Data shown:
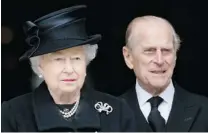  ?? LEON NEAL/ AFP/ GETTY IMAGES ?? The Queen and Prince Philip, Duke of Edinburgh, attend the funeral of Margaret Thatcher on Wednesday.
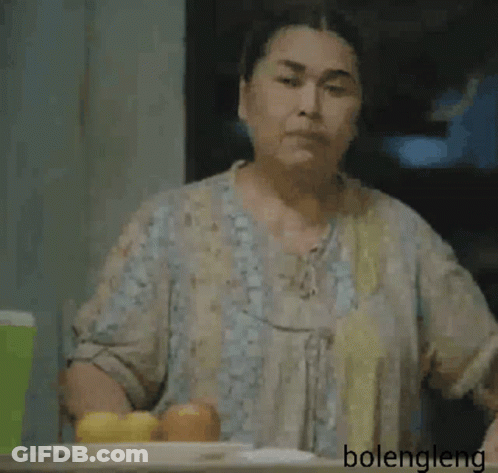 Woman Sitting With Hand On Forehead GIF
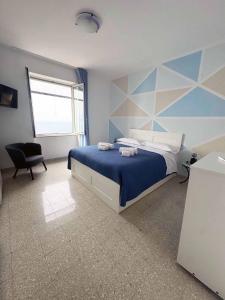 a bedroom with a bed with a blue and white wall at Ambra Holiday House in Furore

...

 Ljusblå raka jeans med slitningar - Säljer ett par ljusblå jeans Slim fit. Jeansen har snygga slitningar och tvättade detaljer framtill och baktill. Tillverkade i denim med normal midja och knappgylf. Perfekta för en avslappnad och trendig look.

Activity: Precisely those lines above that run from the line with "Thatcher on Wednesday." up to and including the line with "a bedroom with" are to be set down, with the pictures omitted.

Expected output:
  ?? LEON NEAL/ AFP/ GETTY IMAGES ?? The Queen and Prince Philip, Duke of Edinburgh, attend the funeral of Margaret Thatcher on Wednesday.
 Woman Sitting With Hand On Forehead GIF
 a bedroom with a bed with a blue and white wall at Ambra Holiday House in Furore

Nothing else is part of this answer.